You may remember that ending scene in the movie Crocodile Dundee II in which the two main characters are at each end of the subway station and can't talk to each other. They use people midway between them to hear what the one person says and then yell it to the next. Those people in the middle are "proxies" (acting on your behalf) In a firewall, it acts as a proxy so that your computer thinks that the firewall is the website, and the website thinks that the firewall is the browser. Both get "fooled." But it also means that if the someone trys to connect to you, it can't because the proxy won't respond unless the protected computer starts the conversation.

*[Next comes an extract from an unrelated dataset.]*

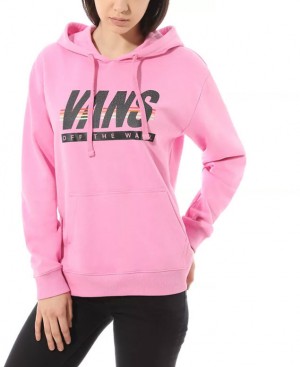 Vans Wm Sport Bf Stripe Hoodie Fuchsia Pink galéria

As I said in the previous message, you can be very safe as long as you don't permit any inbound traffic to initiate a connection to you. Packet Filters do a VERY good job at this. However, few people want to restrict themselves that much. The moment you permit someone else to make a connection to you, you place your computer at a much higher risk. And when you do, a more advanced firewall becomes necessary. Packet Filters inspect every packet, but only about 20% of each packet gets checked. Stateful Inspection again looks at every packet but checks about 30% of the data in a packet. An Application Proxy, will inspect 100% of each packet it knows how to inspect. For packets that it doesn't understand, it uses a Stateful Inspection.
For our provider friends, limiting themselves to not using any of the Instant Messaging type programs (AOL, Yahoo, Etc) may be too restrictive. Email may just not be good enough. Me... I don't have any qualms about not using IM. 8-)
As you can tell, I can go on and on. But I'll stop now for both our benefits. 8-) I can get very techie and have it sound "preachy" which I want to avoid.